Consider social media, like Instagram or TikTok’s “for you page” or Facebook or Twitter’s newsfeed. The algorithms that determine what to show are complex (and proprietary!) but a large part of the algorithms’ objective is engagement: the number of clicks, views, or re-posts. For instance, this focus on engagement can create an “echo chamber” where individual users solely see content that aligns with their political ideology, thereby maximizing the positive engagement with each post. But the impact of social media feedback loops spreads beyond politics: researchers have explored how similar feedback loops exist for mental health conditions such as eating disorders. If someone finds themselves in this area of social media, it’s likely because they have, or have risk factors for, an eating disorder, and seeing pro-eating disorder content can drive engagement, but ultimately be very bad for mental health.

Consider the following questions:

  • Why do social media companies optimize for engagement?
  • What would be an alternative optimization target? How would the outcomes differ, both for users and for the companies’ profits?

Understanding bias

The term “bias” is overloaded, and can have the following definitions:

  • (Statistical) bias: the tendency of an algorithm to produce one solution over another, even though some alternatives may be just as good, or better. Statistical bias can have multiple sources, which we’ll get into below.
  • (Social) bias: outcomes are unfair to one or more social groups. Social bias can be the result of statistical bias (i.e., an algorithm giving preferential treatment to one social group over others), but can also occur outside of a machine learning context.

Sources of statistical bias

Algorithmic bias

Algorithmic bias is the tendency of an algorithm to favor one solution over another. Algorithmic bias is not always bad, and may sometimes be encoded for by algorithm developers. For instance, linear regression with L0-regularization displays algorithmic bias towards sparse classifiers (i.e., classifiers where most weights are 0). This bias may be desirable in settings where human interpretability is important.

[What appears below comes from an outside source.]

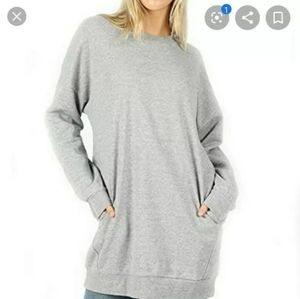 Zenana outfitters tunic sweatshirt purple l xl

But algorithmic bias can also occur unintentionally: for instance, if there is data bias (described below), this may lead algorithm developers to select an algorithm that is ill-suited to underrepresented groups. Then, even if the data bias is rectified, sticking with the original algorithm choice may not fix biased outcomes.

Data bias:

Data bias is when the available training data is not accurate or representative of the target population. Data bias is extremely common (it’s often hard to collect perfectly-representative, and perfectly-accurate data), and care arise in multiple ways:

  • Measurement error - if a tool is not well calibrated, measurements taken by that tool won’t be accurate. Likewise, human biases can lead to measurement error, for instance, if people systematically over-report their height on dating apps, or if doctors do not believe patient’s self-reports of their pain levels.
  • Response bias - for instance, when conducting a survey about customer satisfaction, customers who had very positive or very negative experiences may be more likely to respond.
  • Representation bias - the data is not well representative of the whole population. For instance, doing clinical trials primarily on white men means that women and other races are not well represented in data.

Through the rest of this lesson, if we use the term “bias” without any additional context, we will be referring to social bias that stems from statistical bias.

Case Study

With a partner or small group, choose one of the three case study options. Read or watch individually, then discuss as a group how bias manifested in the training data, and what strategies could correct for it.

After the discussion, share with the whole workshop what you discussed.

  1. Predictive policing
  2. Facial recognition (video, 5 min.)
  3. Amazon hiring tool

Key Points

  • Some tasks are not appropriate for machine learning due to ethical concerns.
  • Machine learning tasks should have a valid prediction target that maps clearly to the real-world goal.
  • Training data can be biased due to societal inequities, errors in the data collection process, and lack of attention to careful sampling practices.
  • “Bias” also refers to statistical bias, and certain algorithms can be biased towards some solutions.